Question

CNV benchmarking

1

Entering edit mode

8 months ago

emmanouil.a ▴ 120

Hi, I know how to do small germline variants benchmarking and now I want to do the same for germline CNV, to calculate sensitivity and specificity/precision.

Can you suggest me what standard sample to run on the sequencer, where to find it's true CNV set and any good benchmarking tool to use?

Thank you very much!

CNV Benchmarking • 703 views

ADD COMMENT • link updated 8 months ago by d-cameron ★ 2.9k • written 8 months ago by emmanouil.a ▴ 120

0

Entering edit mode

this kind of problem is so well-studied that we cannot tell you anything more about a best answer or best practice until you tell us what data type(s) you are working with.

ADD REPLY • link 8 months ago by LauferVA 4.2k

0

Entering edit mode

Hi, is related to Human DNAseq data (WGS for germline CNV discovery) using Illumina technology.

ADD REPLY • link 8 months ago by emmanouil.a ▴ 120

score 1 · Answer 1 · 2023-08-17

CNV benchmarking is a mess. There are multiple ways to score CNV calling and they give very different results and none of the scoring methods accurately reflect the different emphasis for different use cases.
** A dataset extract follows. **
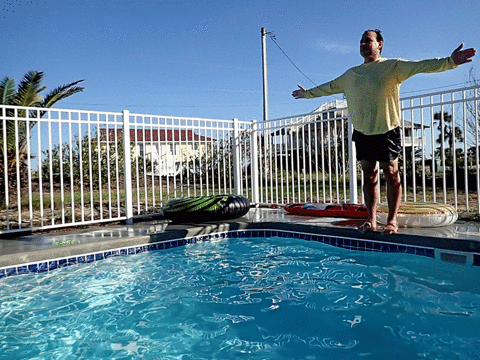קפיצה לבריכה ללא קשת בניגוד לקפיצת ראש לבריכה מדגימה את ההבדלים בין כף רגל בעלת קשת תקינה ובריאה לכף רגל שטוחה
There are two main approaches:

Per-base

Matching is done based on how much of the genome matches and how much it differs.

Per-segment

Matching is done based on whether the CN caller has both called the correct copy number and segmented the CN changes correctly.
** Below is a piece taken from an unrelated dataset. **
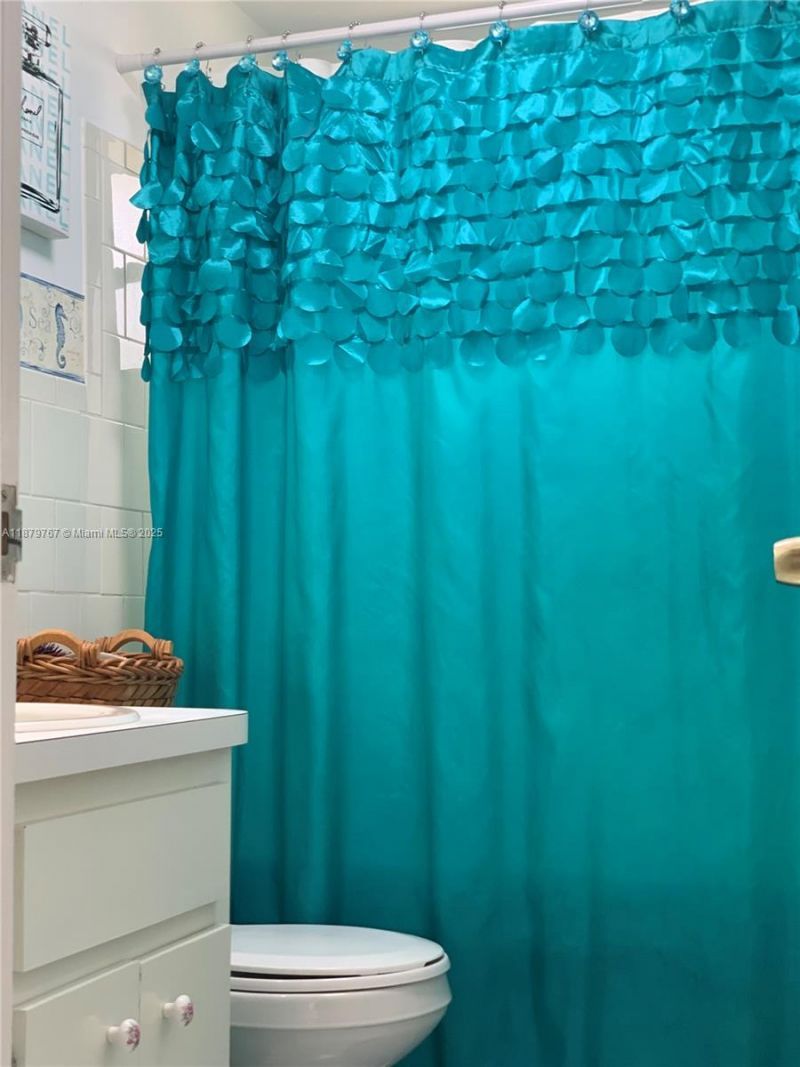 2111 NE 42nd Ct, Unit 103W, Lighthouse Point, FL 33064 Photo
Per-segment is more powerful but much messier. Segmentation depends on the CN resolution so you need criteria for matching as a your caller might break up a 1Mb segment into three for a 50bp deletion, but your truth set only includes CN segments greater than 100bp (or maybe it's the other way around for your data).
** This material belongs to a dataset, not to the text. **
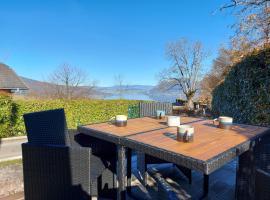 Entre lac et montagne, chaleureuse maison 3 pièces avec très belle vue lac d'Annecy. Terrasse, jardin, parking, cheminée, barbecue ….、サン・ジョリオのホテル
The problem is that neither of these approaches actually give summary metrics that correspond to the biologically meaningful information that is of most relevance to the research/clinical usage. For example, A copy number caller that has 99.99% precision&recall is still a pretty bad somatic CNV caller if it misses a 100x amplication of AR.

Matching logic

The next consideration is what you consider to be a TP/FP. Some callers just report loss/ref/gain, some expand this to total loss/hom loss/ref/gain/large gain, some report integer CN and still others report floating point (somatic subclonality means copy number isn't necessarily integer). You can report TP/FP based on an absolute or relative threshold, or you can use the absolute or relative delta to generate a distribution of how close the caller and truth are. The latter is more informative but doesn't give you precision/recall - you need to threshold it for that.

In practice, I use a combination of the techniques when developing and evaluating CNV calling. There are three key criteria for CN calling: are the CN transitions correct (how many missing/extra transitions & how far away from the true transitions are the TPs?); how far off the true CN are the CN calls; can it find known biological events of interest? The final question requires a large a cohort as possible as you get at most just a handful of data points per sample. Generally speaking, I reduce these to summary metrics (precision/recall, median transition error distance) for regression tests but use the more informative distributions internally.

where to find it's true CNV set

AFAIK, there are no truly comprehensive CNV truth sets out there. For human germline data, your best bet is to use the HG002 T2T to generate a CN track though realignment of the haplotypes (iterative for INS as each insertion corresponds to a copy number gain at the insertion donor site). For cancer there's a few truth sets out there of varying quality. The Hartwig COLO829 SV truth set is great for CN transition evaluation but it's not an actual CN truth set.